There is currently only 1 international airport in Bhutan. Nestled among Himalayan mountains with unpredictable gusts and a very short runway, Paro International Airport is so dangerous that only a handful of pilots in the world are qualified to land here. It is no surprise that tourists can fly to Bhutan from a very limited number of places – Bangkok (Thailand), Singapore, Kathmandu (Nepal), Dhaka (Bangladesh), Delhi, Kolkata, Mumbai and a few other cities in India. So do not forget the return tickets from wherever you are to one of these cities. Our Vietnam Airlines tickets from HCM City to Bangkok costed ~$250/pax, and we spent one night at Oneday hostel in Bangkok ($16/pax).

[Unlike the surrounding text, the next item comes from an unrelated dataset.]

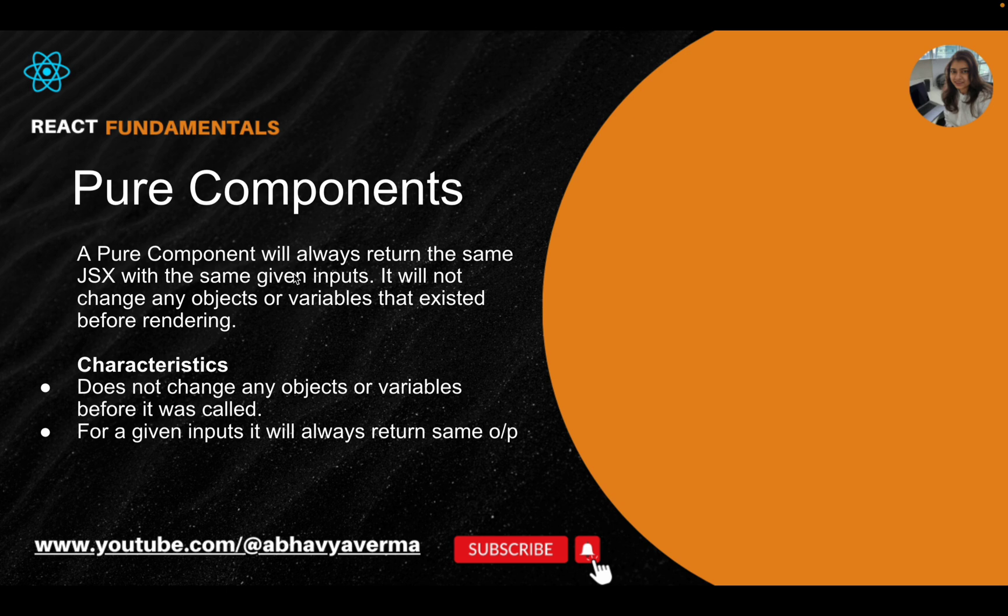It will always return the same value. Similarly in React, it will return the same JSX with the same given inputs. Also, pure components should not change objects or variables that existed before rendering.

We then took Bhutan Airlines from Bangkok. This airlines has a very small fleet (1 flight per day from Bangkok) of medium-size planes (Airbus A320 I think). It has only 2 ticket classes – Economy (return ticket $688/pax) and Premium Economy ($816/pax). The difference is minimal, so book early to get your preferred date and save your money.
Your tour operator can help obtain your visa and book your flight, but it can take while to discuss back and forth. We started 2 months in advance, and got the visa and tickets sorted out 1 month before our departure. We ended up with Premium seats on our less preferred dates.
Ah, and don’t forget your travel insurance. We bought a basic one from AIA for $26/pax.
Souvenirs in Bhutan are quite expensive. Worse, most of them are made in China, India, Nepal or neighboring countries (hence the additional import tax I guess). There are only a few items locally made in Bhutan such as traditional wooden wine containers (I got one in Bumthang) and cups, or handmade papers (I bought a few sheets from the paper factory in Thimphu). I spent >$200 on souvenirs, which is a lot compared to my other trips.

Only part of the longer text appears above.